Have you ever encountered something that just makes your eye start twitching and your fingers start drumming? The kind of thing where no matter how much you try to practice non-judgmental bliss, it can sometimes just get to you? Here are a few things I've seen in Tarot that get under my skin.
1. "Gypsy" fortune teller acts. First of all, "Gypsy" is actually a really insensitive word. A lot of people don't know this, so don't feel horrible if you used it up to now or anything. But it's a big-time slur in Europe, and it isn't even accurate, considering it was used to refer to the Romani people because they "looked Egyptian" and no one could be bothered to ask them for the facts. Kind of like "Indians" referring to Native peoples in North America.
The actual semantics aside, if you're reading Tarot more for the entertainment than the counseling angle - and that is totally fine, seriously, as long as you make it clear that's what it is - then you can probably find a sparkly costume to do it in without an accent and the words "cross my palm with silver." Come on, guys. There are like six stereotypes that plays on, and not enough people know what they really refer to.
2. "Bad" cards. People who are reading for themselves tend to do this. A reversal is "bad". The high Swords cards or the Tower are "scary". The Star in the "what to watch out for" position means "you are heretofore advised to throw yourself into a pit of despair and never be optimistic again."
You can read everything super-literally if you want, and I get it if you want the cards to just serve up a slice of truth: "No, the job probably isn't on the way. And also you should probably look out for the bolt of lightning that's going to shake your world up. Just warning you." But I feel like I'm watching a mime box himself in. The problem isn't how you're reading, when you do it this way, it's how you're responding to what it says. I honestly can't, in my heart of hearts, believe your inner guidance and a hand from the Universe is simply saying "Your life will suck right now."
Why is there going to be a bolt from the blue, or a feeling of total despair? You're never helpless in your life, and rarely does anything just happen to you, so determine what's going to show up in your world and decide how you want to feel about that. Adjust circumstances accordingly. Maybe you're not supposed to get the job because there's a better one on the way. Or the sudden, painful revelation will lead to you reinventing your world in a way you'd never have been able to before. Tarot is never just about things happening to you. It's about looking at the road you're on, where it's leading, and if you want to change direction.
3. "They're doing it wrong!" Yes, before you ask, I see the irony here. But seriously, I can't stress this enough. Yes, there are close-minded ways of catering your reading to exactly what you want to hear, or responding to your reading from a place of fear. And that's not good for your learning, or what you get out of reading Tarot. But I'm talking about the methods you pick up and the teachers you choose. There is no end-all-and-be-all as far as that's concerned. The only way you could possibly be "doing it wrong" is if you learn one way, stop there, and refuse to learn anything else. The more information you gather, the more you can decide for yourself what's worth doing and how.

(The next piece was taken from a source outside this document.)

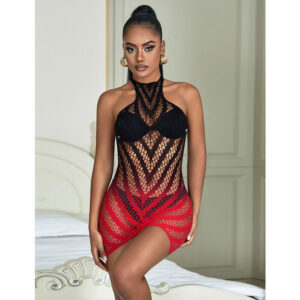 Subblime Dresses-952242 Rochie Plasă Elastică Degradé Roșu - imagine 10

But, here's the real reason for this one: even if you work for years and decide the best way to learn or teach or read the cards or whatever else, please don't be a jerk about it. I have seen a few Tarot experts and instructors call each other out, often by name. I've seen them get judge-y for having a different opinion, teachinga certain way, charging a certain amount of money. I can't think of anything that turned me off faster than watching a seminar from an instructor, and listening to them smugly outline how their teaching was superior to someone else's book.
Everyone learns differently. Everyone responds to the cards differently. Don't limit yourself by stereotypes, by fear, or by inaction. But most of all, don't ever limit someone else by telling them there's only one way to tap into the cards. Tarot is far too elaborate, magical, and full of potential for that.
When I was searching through Tarot articles for new information to share with you guys, I stumbled on something that really made me twitchy. In one article geared towards learning to read the cards for beginners, I saw an author saying it might be too confusing for a beginner to read multiple books on the cards, because it might lead to conflicting meanings.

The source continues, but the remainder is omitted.